Chief Curator and Director Dr. Valerie Steele of The Museum at FIT knows fashion. And, how. She’s the expert’s expert and here our roaming fashion chronicler Gordon Kendall catches up with her as they stride across Manhattan to discuss Texas style.
Portrait photography courtesy of Valerie Steele
MANHATTAN MERRY GO ‘ROUND
In A New York Minute. Everything and everyone moves fast in New York. If you’re not quick enough you might just miss something. So, let us take you there and back, just for a minute each time, in this new series of glimpses, snips-and-snaps, gained first-hand…from exciting people in New York… about exciting people, happenings, and experiences in fashion, beauty, food, lifestyle, anything and everything that captures the eye, or ear! No matter where you are, sit back and enjoy your fashionable minute in Manhattan.

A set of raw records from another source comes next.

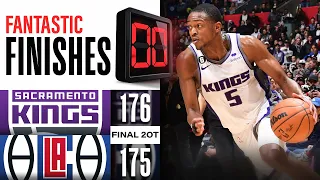 MUST SEE 2OT ENDING Kings vs Clippers 🤯 | February 24, 2023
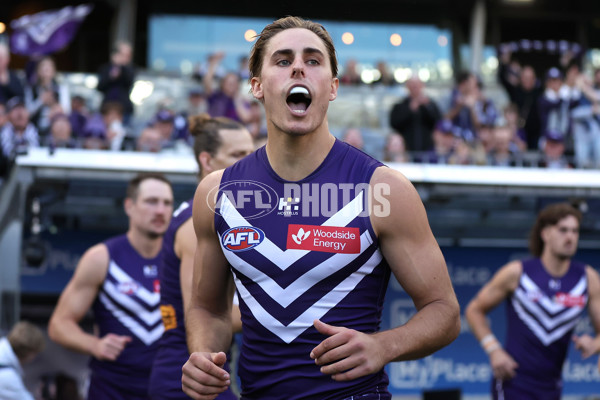 AFL 2024 Round 24 - Fremantle v Port Adelaide - A-53397340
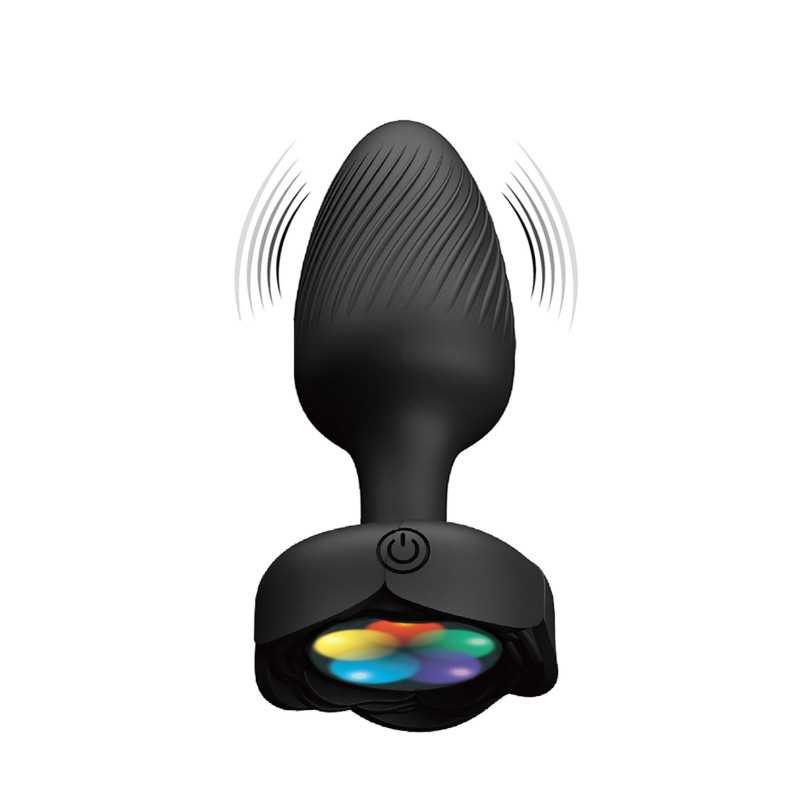 Prestaloveshop Olman Plug vibrant lumineux - USB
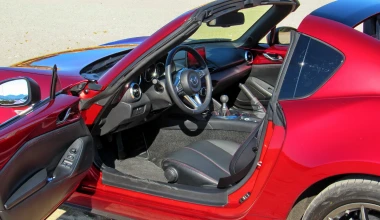 Δοκιμή MAZDA MX-5 RF 1.5. Bushido!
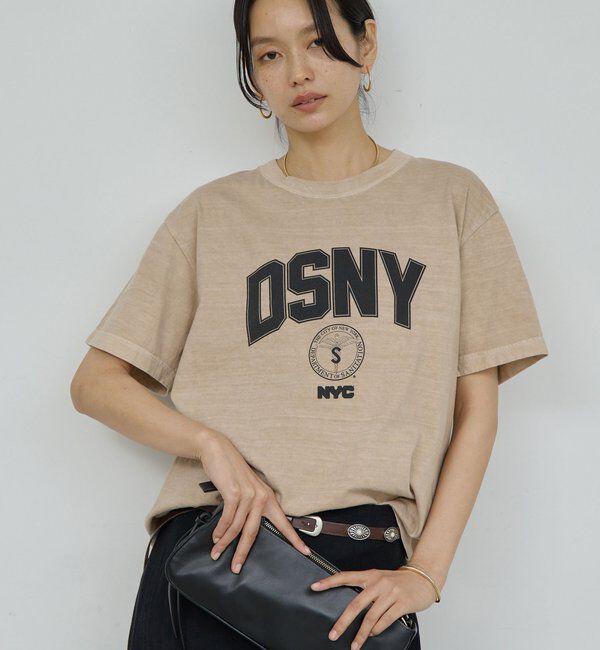 「【GOOD ROCK SPEED】DSNY ロゴTee」|Tシャツ・カットソー|ベージュ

We’ve just turned right, on to West 27th Street. The block before us is a typical New York City, east to west situated street: longer than it looks. Like a typical New Yorker, we’re running late. Blame the train, right, or that forever wait to get our coffee we’re holding? Also, as frequently happens in Northeastern climates, the weather is just too something: hot, humid, cold, rainy, snowy, whatever it is, there’s too much of it to be comfortable, certainly helpful.
The street itself, off 6th, could be the very model for a movie backlot set of a typical New York City street. Hip fitness “boutiques” and trend-themed hotels vie with old storefronts, their windows dusty, their darkened-at-all hours upper floors, forlornly looming down over us. Blocking the sidewalk? A sign reading: “Aggressive Meditation Taught Here”. Dare we call the phone number listed to find out more? We’re making our way as fast as we can up the street when, ahead, a door opens.
A figure emerges onto the sidewalk before us, lithe in black Celine and harlequin glasses, further signaling the signature style of Dr. Valerie Steele of The Museum at Fashion Institute of Technology, that grey behemoth building rising on the distant horizon of Seventh Avenue.
She’s leaving her Asian art-filled aerie (her husband is a renowned authority on Asian art history), headed to the museum. Another day at the office. We catch up with new greetings. As we walk together, a question comes to mind for Dr. Steele, perhaps based on her recent appearance on the recent CNN television documentary American Style.
TRULY TEXAS STYLE
So, what about Texas style? How might she describe the fashion looks of the ladies of the Lone Star State, I ask?
Without hesitation: “Very Chic.” comes her reply.
“….the hair: Big. The makeup, jewelry, all well thought out…and always wonderful accessories!” she continues.
“Tremendous collectors of haute couture, so many very fashion-conscious.” she says as we stop at the southeast corner at Seventh Avenue.
We walk across the street, with a wave, she disappears into the museum’s lobby, its walls adorned with murals of its latest show. Continuing on, the street seems not New York’s Seventh Avenue, but, perhaps, Austin’s South Congress Avenue, Dallas’ Main Street, Houston’s Post Oak, or any other in any Texas town where fashion is worn and the state’s “museum quality” style is always present and accounted.